──────── SOURCE RECORDS

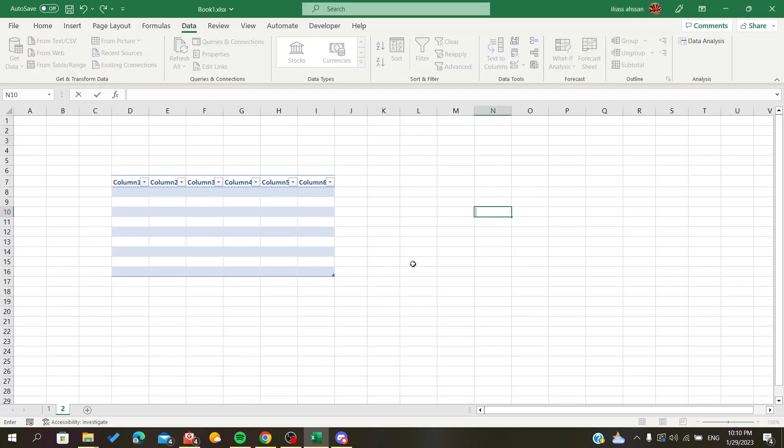As you can see, this is how we name tables on Microsoft Excel. Thank you for watching and goodbye.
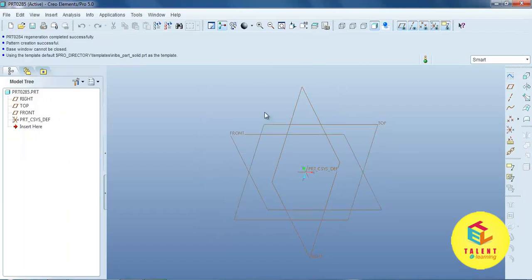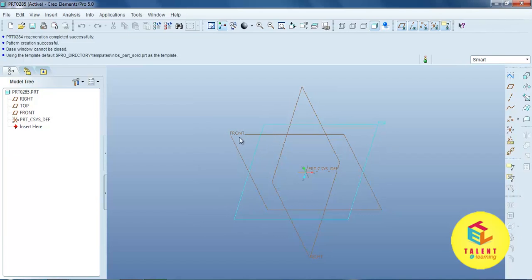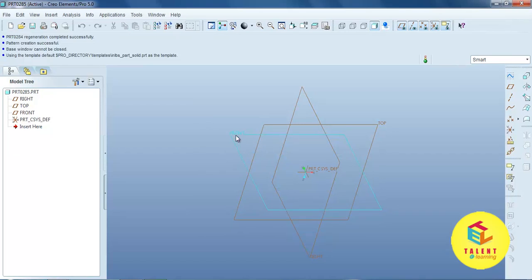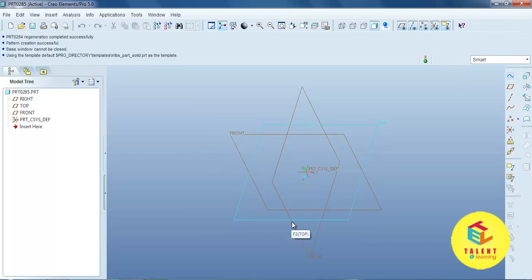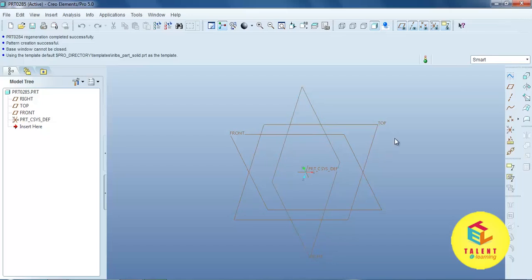This window defines three different views. This one is the front view, this one is the right view, and this one is the top view.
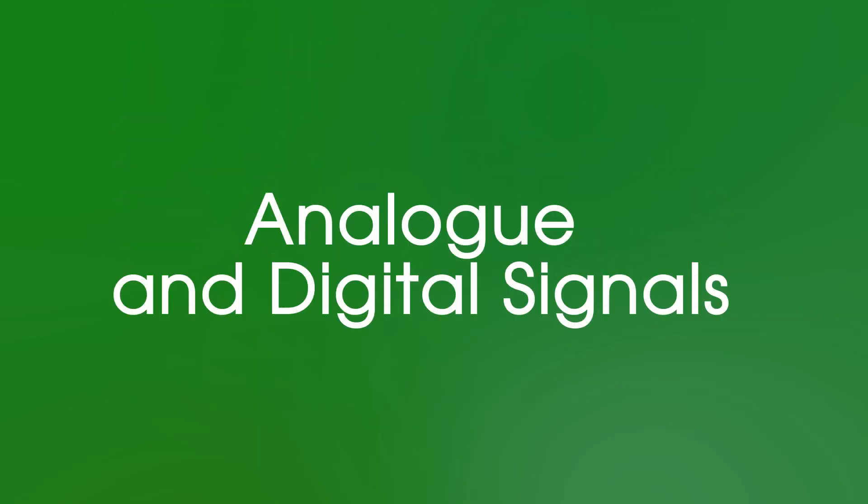Analog and digital signals. There are two different ways of sending information, either by analogue or by digital signals. So what's the difference?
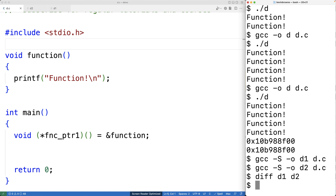What this means is that the compiler treats 'function' and '&function' the exact same way. Your computer won't have to do any extra computational work because you used the & operator instead of just the function name. The & operator might make it extra clear that it's a pointer, but it doesn't really matter either way — there's really no difference at all.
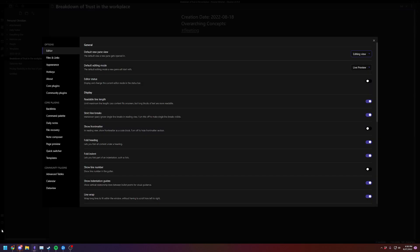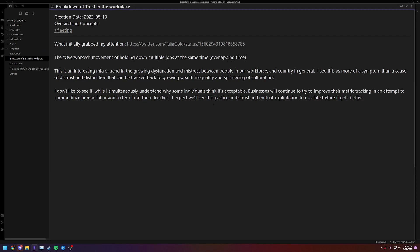All right, your next option is to go into your settings, go under editor, and then you want to uncheck the readable line length box, and now it'll take up the full screen.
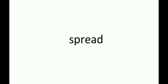Suddenly. S-U-D-D-E-N-L-Y. Suddenly. Spread. S-P-R-E-A-D. Spread.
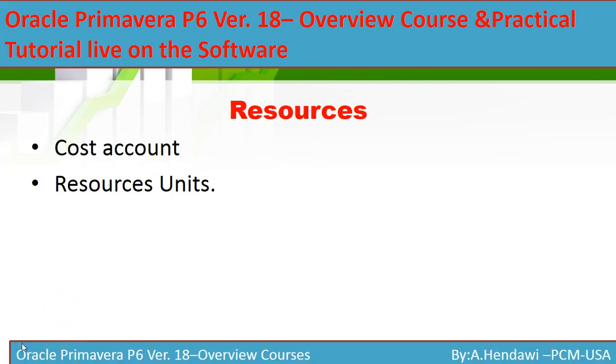You can also assign resources to cost accounts. If your company has a costing account system, you can use the costing account codes and assign your resources to the cost account. I will explain that on the live software right now.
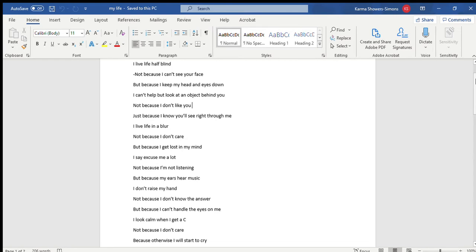I live life in a blur, not because I don't care, but because I get lost in my mind. I say excuse me a lot, not because I'm not listening, but because my ears hear music.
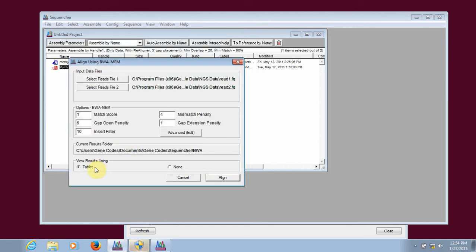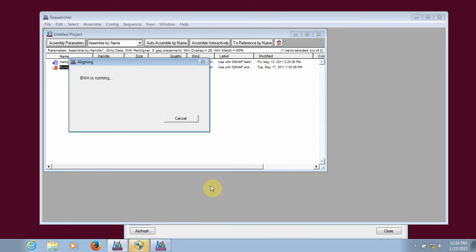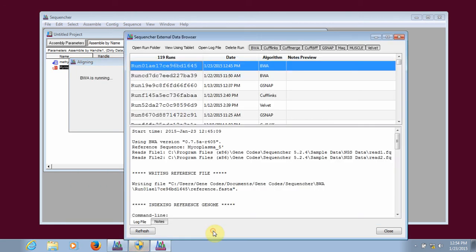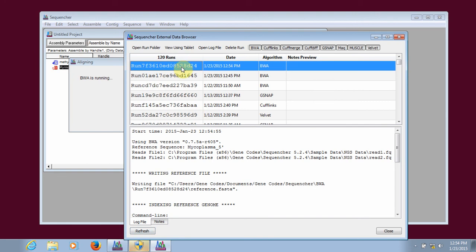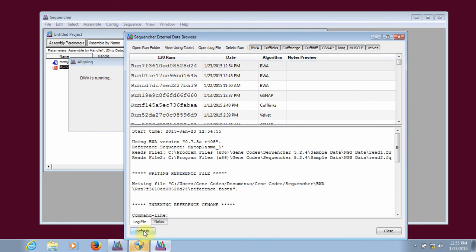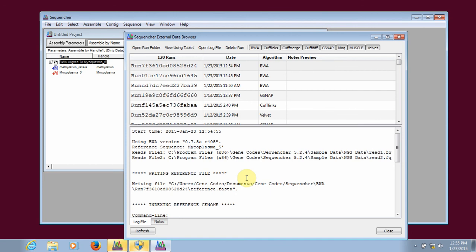You also have the option of automatically viewing the results in Tablet or not. Then you can click Align, and we refresh our external data browser. We can watch the progress of the alignment as it's going on.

────────────────

- [DIRECTIONS FOR THIS TASK]:
Your answer should be the lines from the first record down to the line containing "This window defines", restated exactly, with no pictures.

- [SOLVED PROBLEM]:
As you can see, this is how we name tables on Microsoft Excel. Thank you for watching and goodbye.
This window defines three different views. This one is the front view, this one is the right view, and this one is the top view.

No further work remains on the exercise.